The loading hopper and conveyor
The office building
The copper mine sidings during a quiet period

Milk churns

Whilst waiting for the paint to dry or the glue to set on the above major project, I decided it was time I got around to finding or making some milk churns. As my railway is fictionally set in rural Cheshire which has long been noted for its dairy farming (and of course its cheese making), it seemed clear that milk would be a principal source of traffic on the railway. In the early 1930s, when my railway is set, milk was transported almost exclusively by galvanised milk churns - and until the mid 1930s, these were generally of a fairly uniform 17 gallon conical design. Over the years I've bought a few off-the-shelf models but have decided I really ought to make my own - given the number I will ultimately require and the cost of buying them.

I've eventually found a reasonably reliable way of constructing my own by modifying a children's plastic party toy. I will use one of these to act as the master for a mould and cast the rest of my requirements from resin. (See How I made some milk churns)

Bespoke figures

Having accumulated quite a number of readymade figures from various sources, I have now reached the stage where I need a few figures in specific poses which I've not been able to find commercially. I've therefore started sculpting my own figures in oven hardening polymer clay.

My first efforts were singularly unimpressive but, with perseverance, I'm slowly turning out figures which bear some resemblance to the human form. I'm still struggling to make the faces look less slab-like but, no doubt, practice will make perfect!

I am now using spare moments when there ain't much worth watching on the telly, to sculpt more figures.
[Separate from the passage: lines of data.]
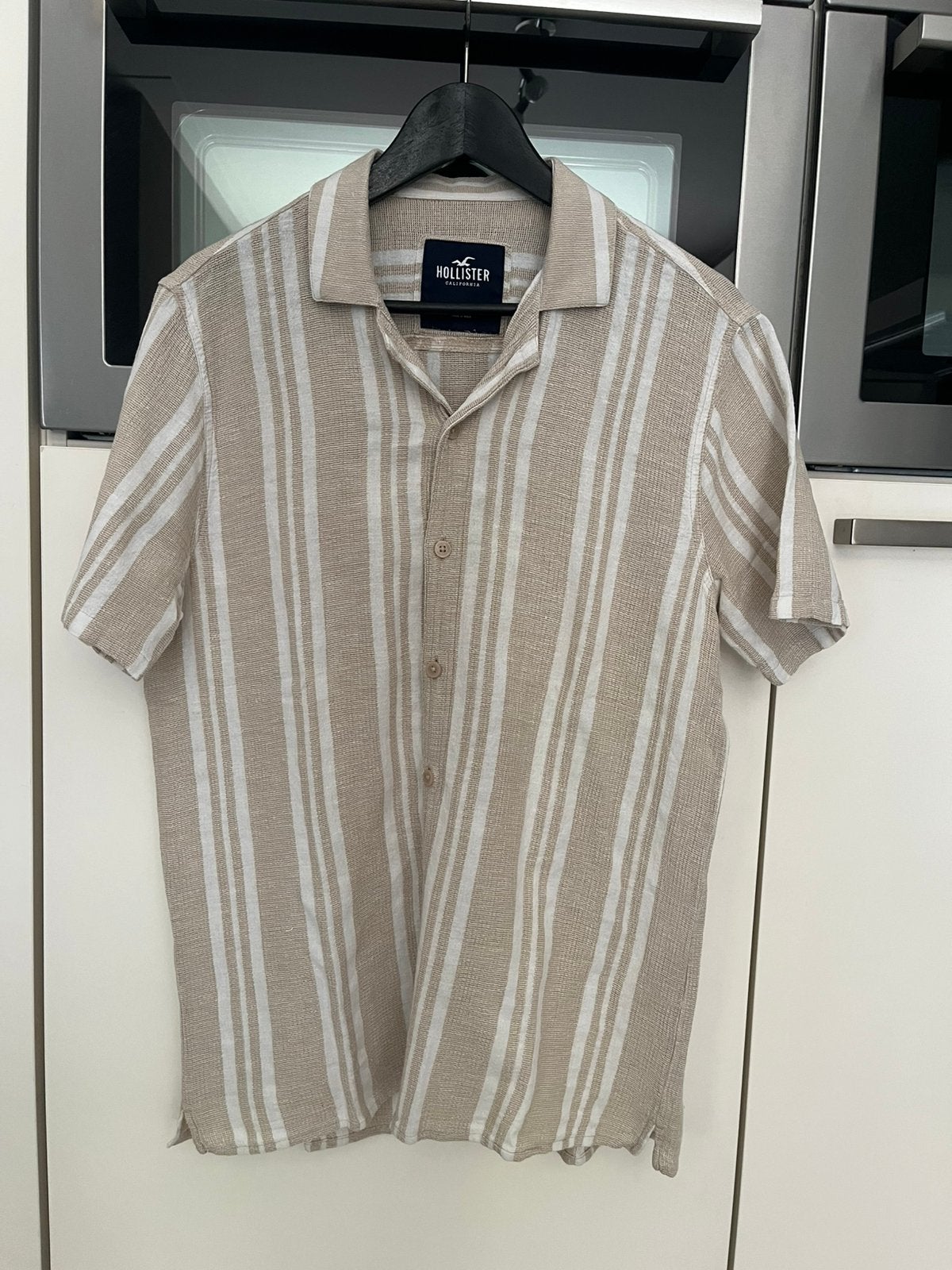 Hollister overhemden 2 st. maat S, Kleding | Heren, Overhemden, Ophalen of Verzenden, Zo goed als nieuw, Blauw, Halswijdte 38 (S) of kleiner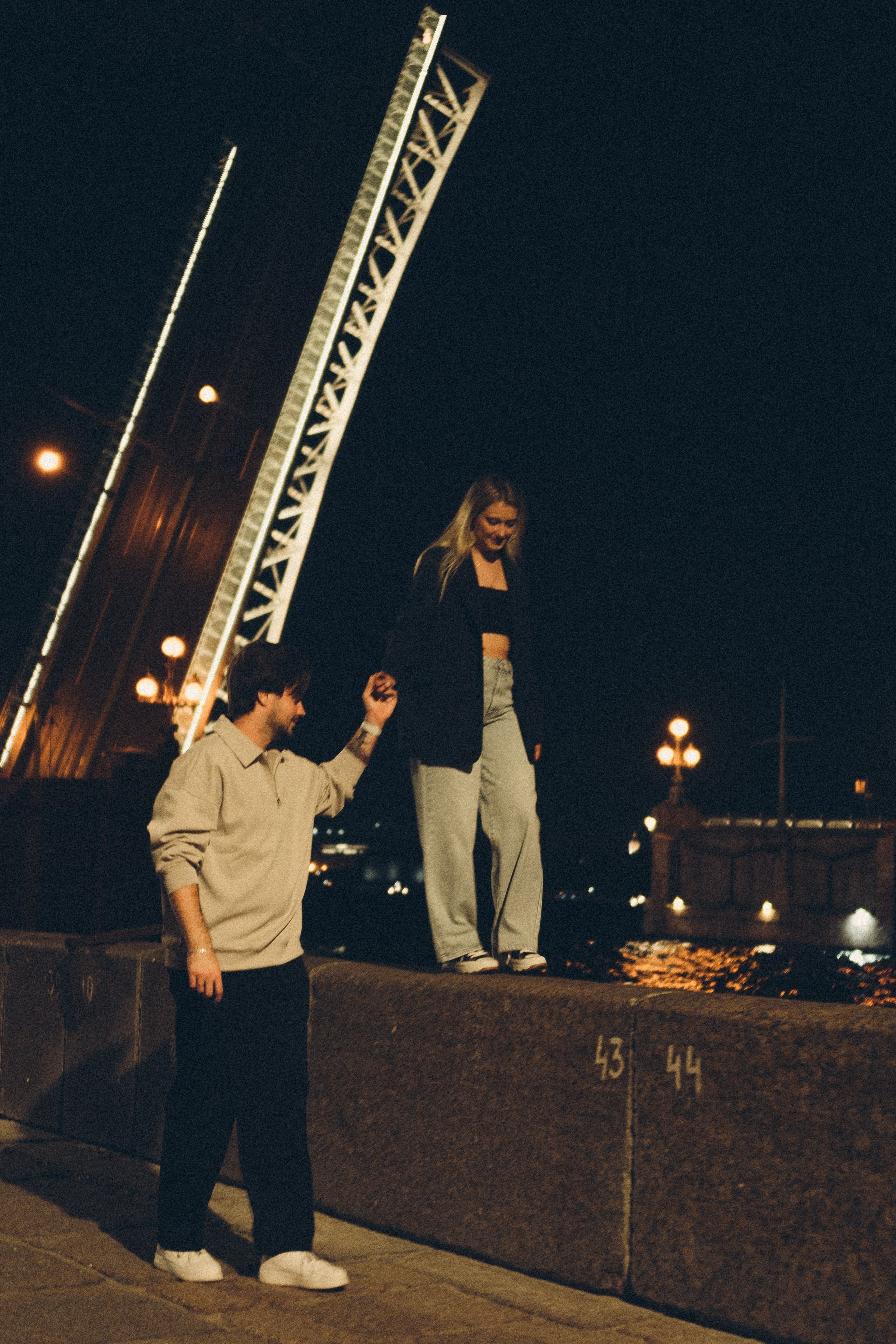 ПРОГУЛКА ПО НОЧНОМУ ГОРОДУ. Профессиональный фотограф, Санкт-Петербург — Виктория Богомолова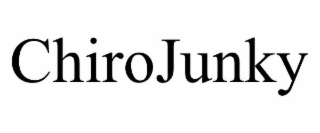 CHIROJUNKY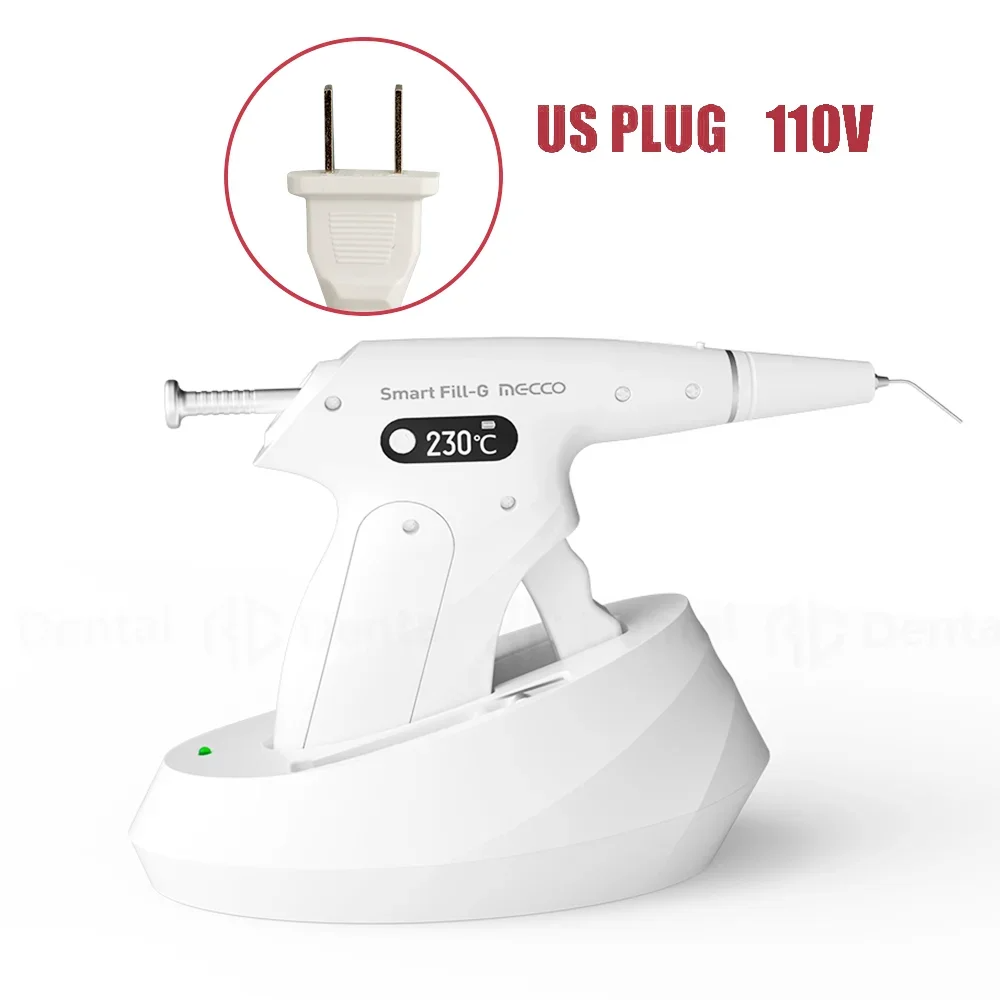 Dental Dentist Endodontic Obturation System Gun Heated Pen Percha Gutta Tips Wireless 3D Filling Endo Instrument 150 180 200230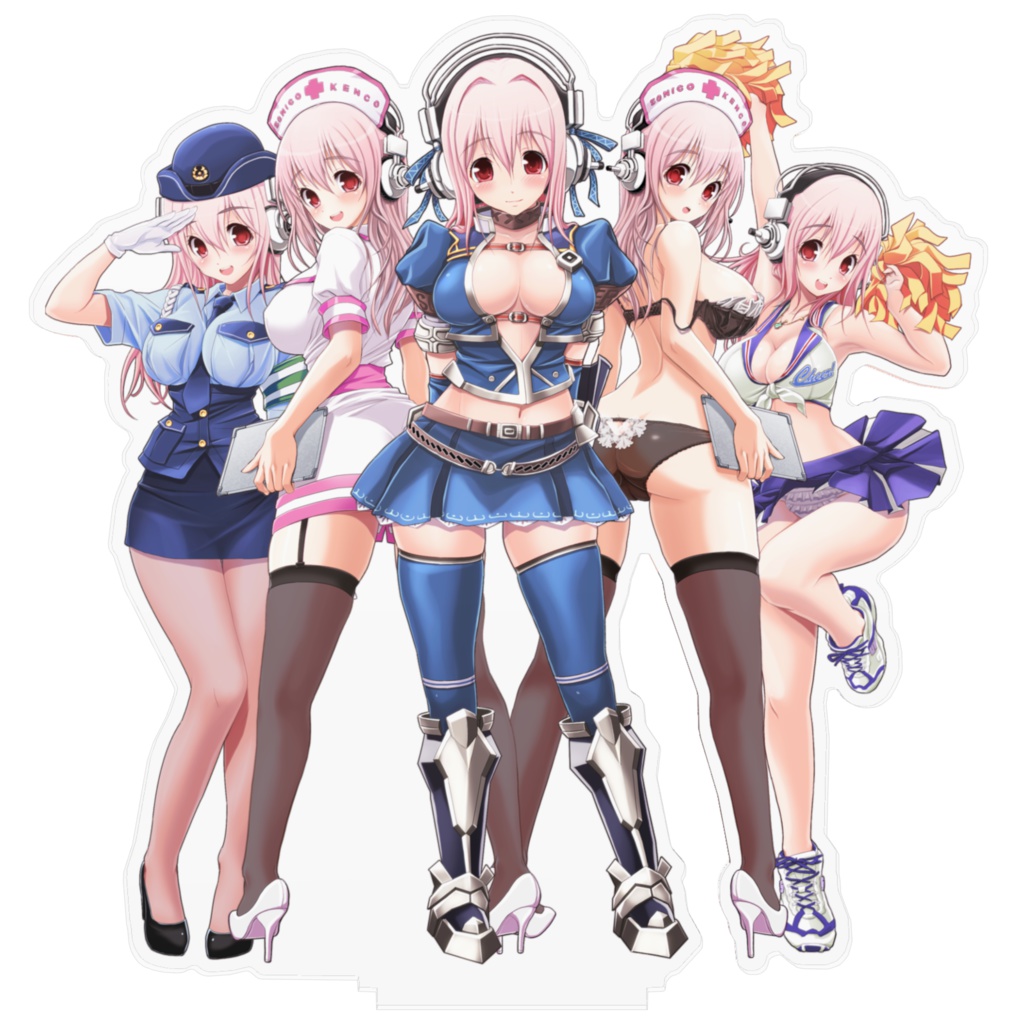 差分劇場1アクリルフィギュア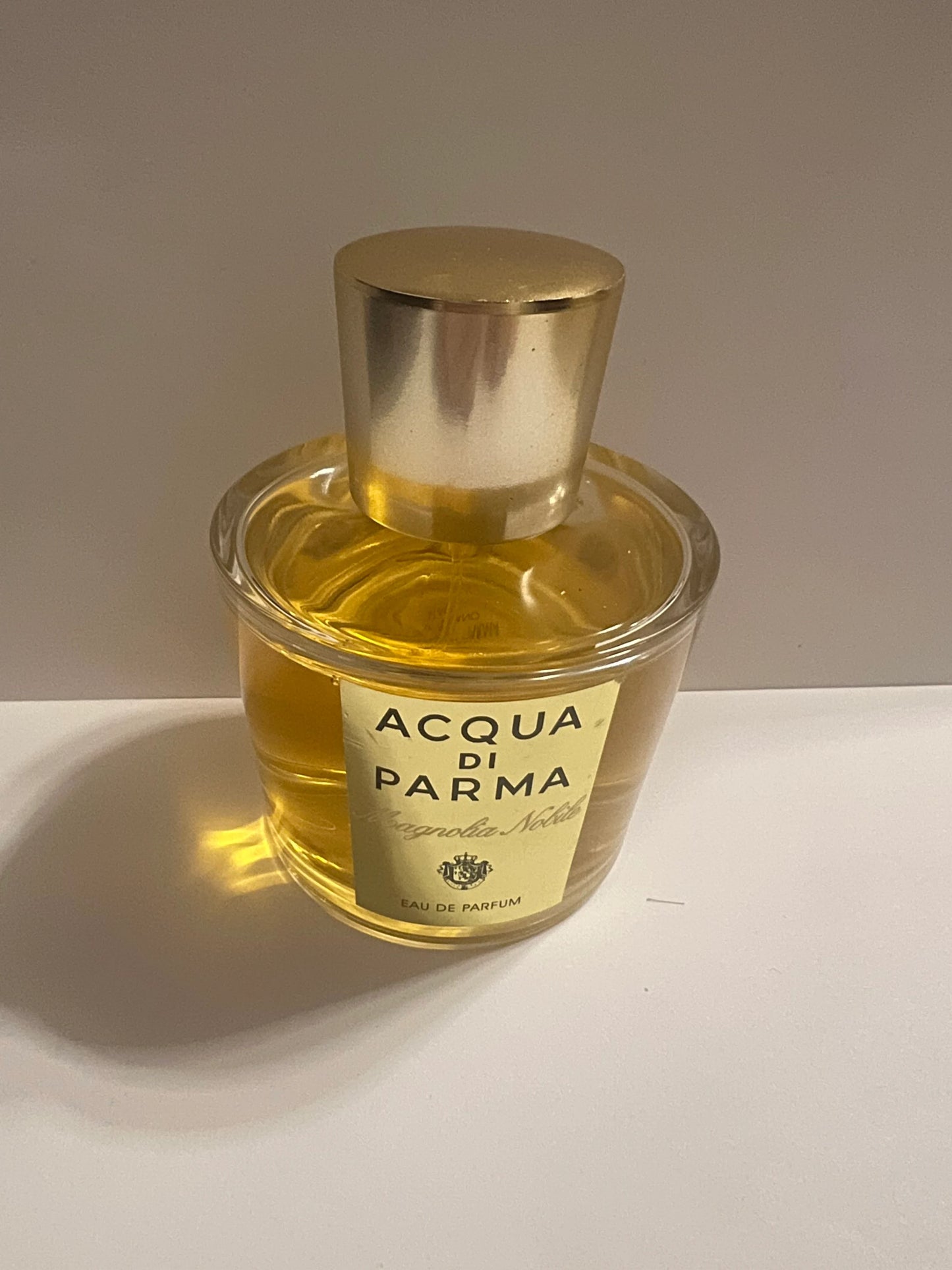 Acqua di prama mognolia Nobile eau de parfum 100 ml. Rare .Vintage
Hopefully, my skills will improve with experience!

The Garden

The weather has been atrocious so far this year and this, together with a bout of ill-health, means that I have not had a great deal of opportunity to tame the garden. In previous years, Easter marks the beginning of the running season and by now I would have been fighting my ongoing battle with the undergrowth (see Undergrowth = overgrowth). This year, very little seems to have started growing and a continuation of overnight frosts has prevented me from doing some of the concreting which I had planned (see How I built the raised beds).

However, I have been able to keep the tracks clear (with minimal effort I must admit), prune back some of the more vigorous plants which threaten the right of way and plant a couple of miniature rhododendrons which I found on offer in a cut price shop.

One of my next jobs is to make and inventory of all the (surviving) plants in the garden and be a little more systematic in how I go about planting out the garden.

Routine maintenance

As with all railways, there is an ongoing regime of maintenance and repair. I've rewheeled some of the wagons with some metal wheels which I came across when reorganising my storage drawers, and cleaned the wheels of all my locos and lubricated prior to the new running season.

The track seems to have survived the winter well, I don't seem to have suffered any subsidence of the trackbed though the frost has managed to penetrate some of my sandstone cladding. This has occurred only where I have not put coping or top-stones along the upper edge - a salutary lesson.

Some of the fencing panels which are beneath overhanging vegetation have rotted away and will be replaced shortly and one support-post has rotted away where I had not continued the concrete above ground level - another salutary lesson (see How I extended the railway). This will require digging-out and replacement once the weather improves as it supports the swinging end of the swing-bridge.

This year, I'm really going to have to do something with the viaduct. The cladding which I experimented with has mostly fallen off and although the underlying plywood structure is sound, it probably won't be long before this starts to deteriorate. As this structure needs to be moveable to allow access to the patio, I am considering various options to keeping this lightweight.